Abstract

An enduring challenge in constructing mechanical-oscillator-based hybrid quantum systems is to ensure engineered coupling to an auxiliary degree of freedom and maintain good mechanical isolation from the environment, that is, low quantum decoherence, consisting of thermal decoherence and dephasing. Here we overcome this challenge by introducing a superconducting-circuit-based optomechanical platform that exhibits low quantum decoherence and has a large optomechanical coupling, which allows us to prepare the quantum ground and squeezed states of motion with high fidelity. We directly measure a thermal decoherence rate of 20.5 Hz (corresponding to T-1 = 7.7 ms) as well as a pure dephasing rate of 0.09 Hz, yielding a 100-fold improvement in the quantum state lifetime compared with prior optomechanical systems. This enables us to reach a motional ground-state occupation of 0.07 quanta (93% fidelity) and realize mechanical squeezing of -2.7 dB below the zero-point fluctuation.
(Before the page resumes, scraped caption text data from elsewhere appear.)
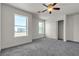 Neutral bedroom with a ceiling fan, two windows and a closet at 6117 Daisy Lee Ave, Las Vegas, NV 89108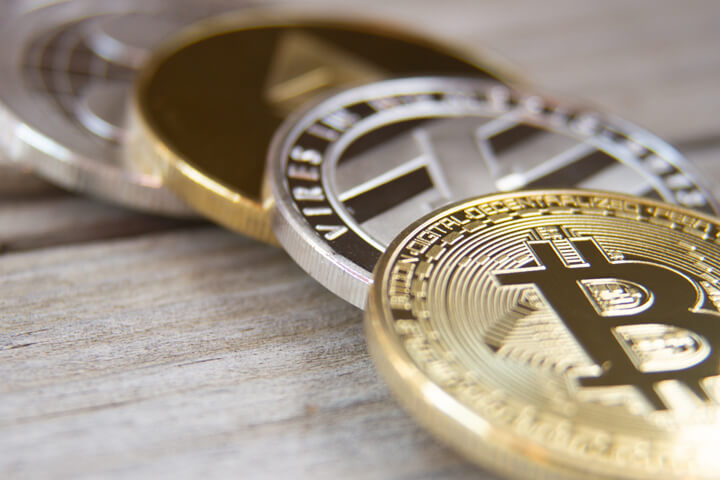 Bitcoin, Litecoin, Ethereum, and Ripple coins on weathered wood planks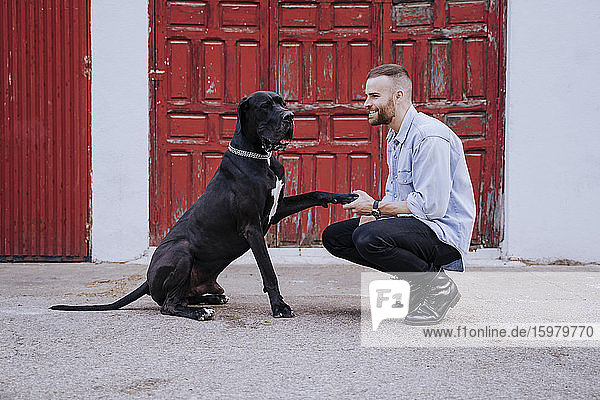 Young man teaching his dog outdoors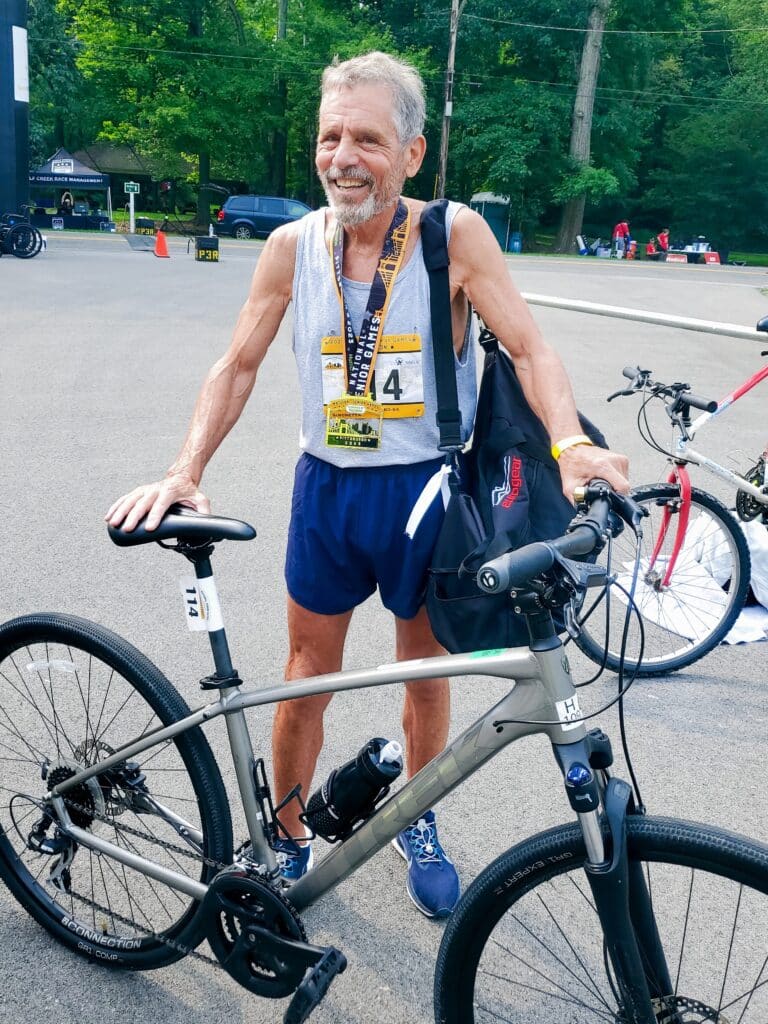 Joe Simonetta with his rented bike for the 2023 National Senior Games triathlon.
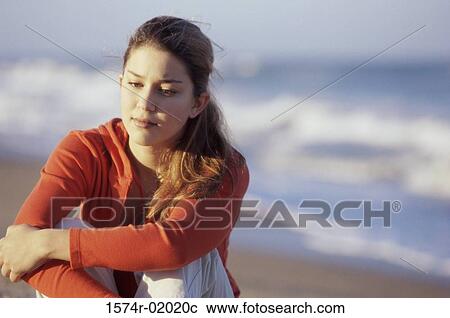 Teenage girl sitting at the beach View Large Photo Image Stock Image - Teenage girl sitting at the beach. Fotosearch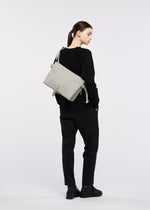 A person in black clothing and boots stands facing away, wearing the GOOD GOODS ISSEY MIYAKE JABARA light gray shoulder bag featuring an accordion pleat design over their shoulder against a plain white background.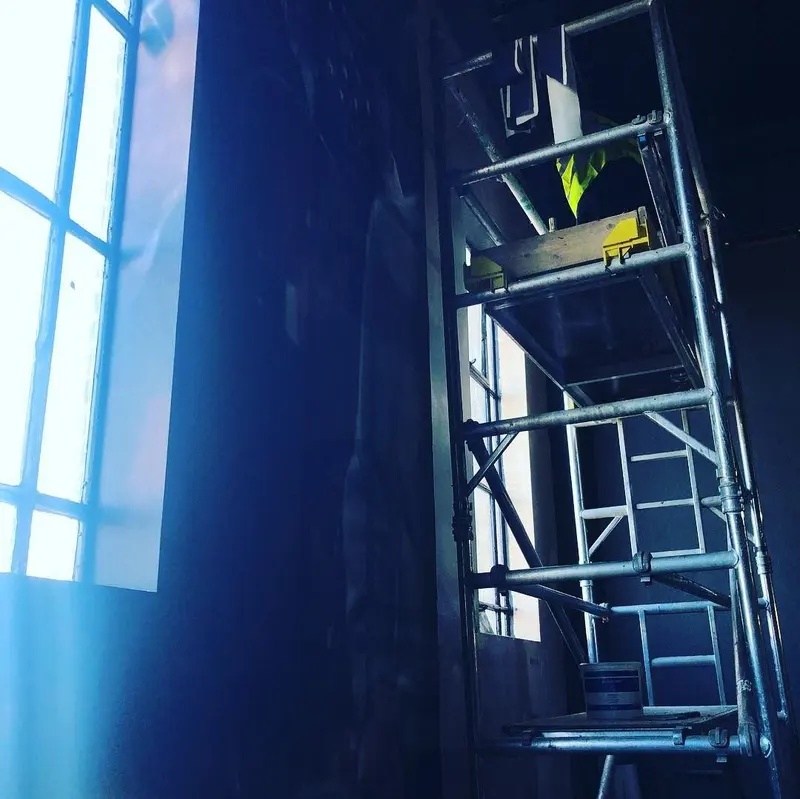 Mobile scaffold tower beside a tall window during mural installation at the Everyman cinema, Liverpool.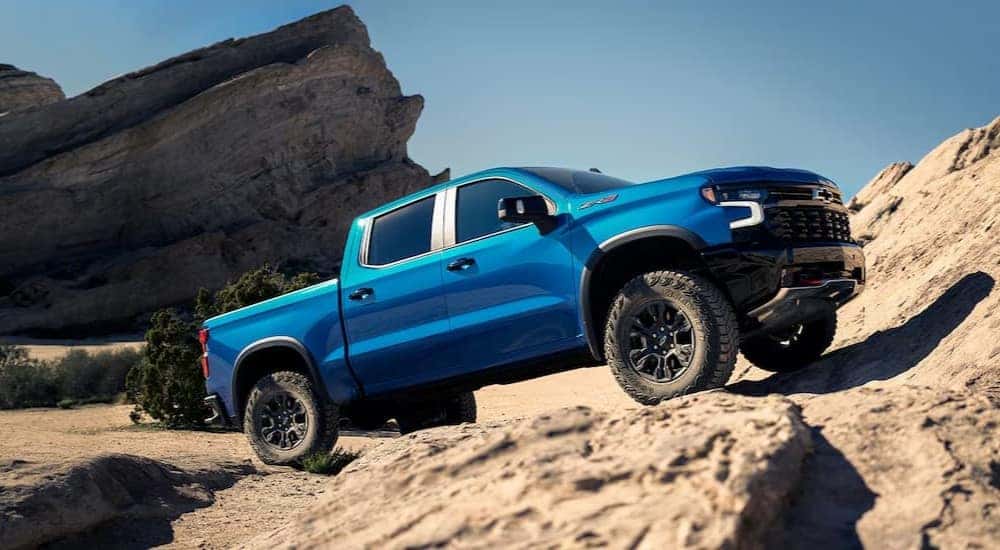 A blue 2025 Chevy Silverado 1500 ZR2 is shown parked on a rocky incline.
Furthermore, we observe the free evolution of the mechanical squeezed state, preserving its non-classical nature over millisecond timescales. Such ultralow quantum decoherence not only increases the fidelity of quantum control and measurement of macroscopic mechanical systems but may also benefit interfacing with qubits, and places the system in a parameter regime suitable for tests of quantum gravity.

Achieving low decoherence is challenging in hybrid quantum systems. A superconducting-circuit-based optomechanical platform realizes millisecond-scale quantum state lifetime, which allows tracking of the free evolution of a squeezed mechanical state.